▶ [Data for this task]
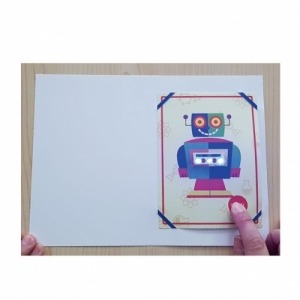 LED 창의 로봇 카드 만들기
* * *
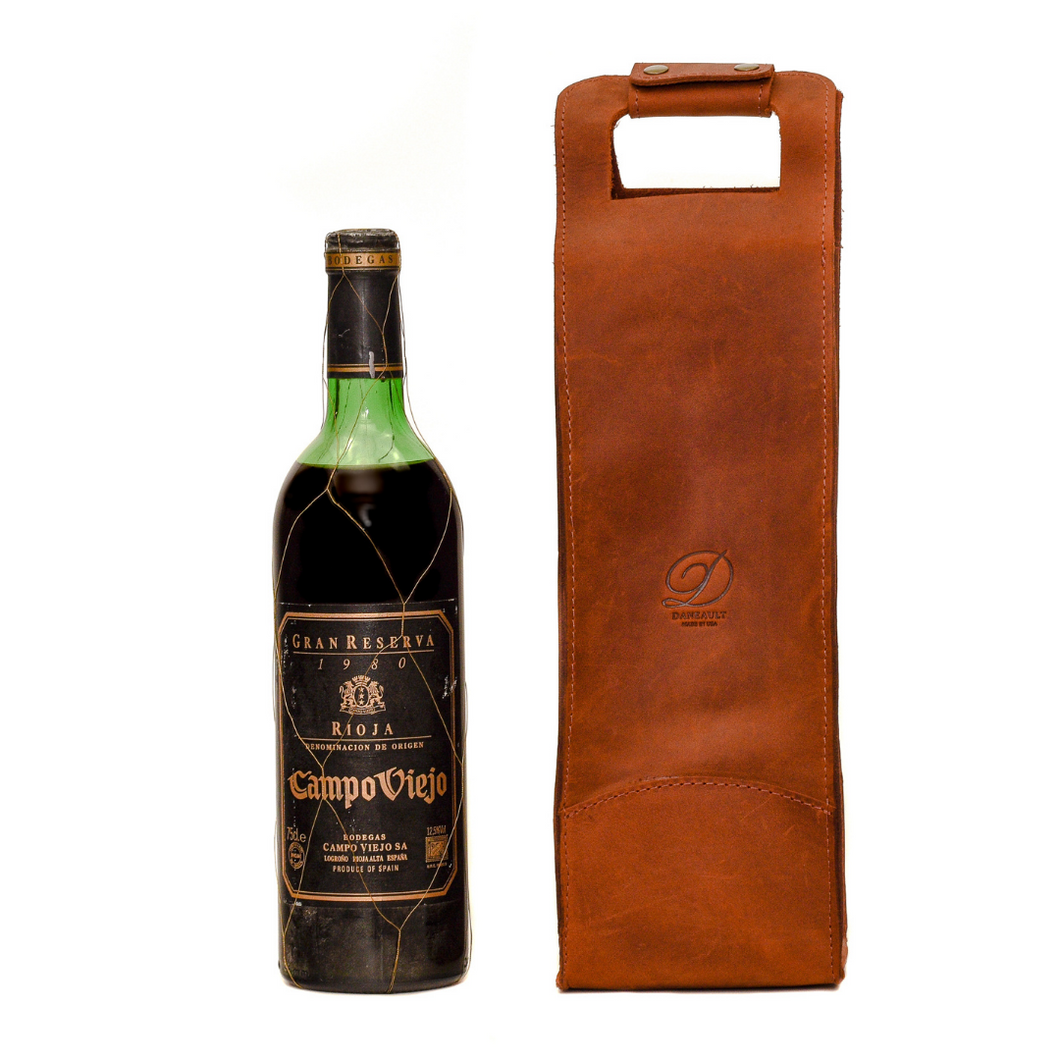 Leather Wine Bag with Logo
==
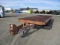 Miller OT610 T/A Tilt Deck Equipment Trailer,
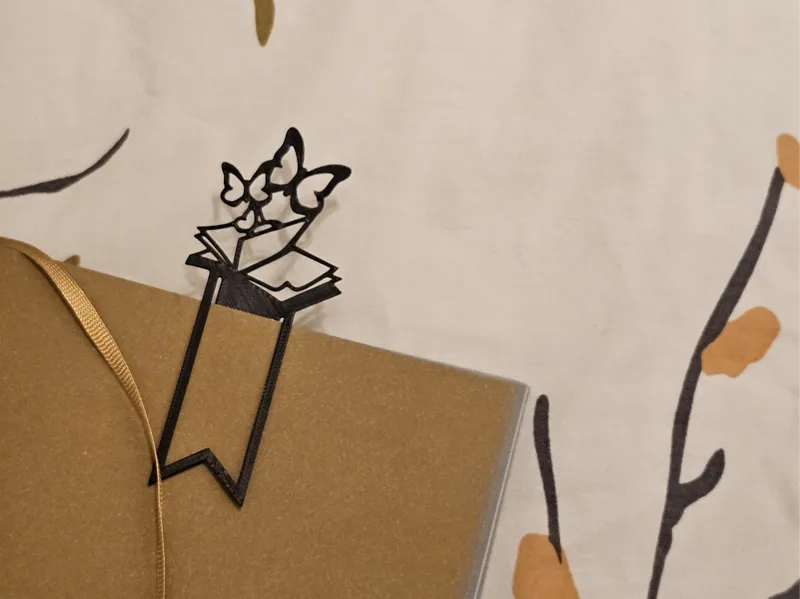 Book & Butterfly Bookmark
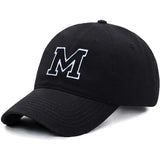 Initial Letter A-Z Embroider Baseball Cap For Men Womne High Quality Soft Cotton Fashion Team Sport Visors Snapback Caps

▶ [Task to carry out] Reproduce the listing above only between the lines holding "Book & Butterfly Bookmark" and "Initial Letter A-Z", inclusive. Every line must match exactly, and pictures are dropped.

▶ [Result for this task]
 Book & Butterfly Bookmark
 Initial Letter A-Z Embroider Baseball Cap For Men Womne High Quality Soft Cotton Fashion Team Sport Visors Snapback Caps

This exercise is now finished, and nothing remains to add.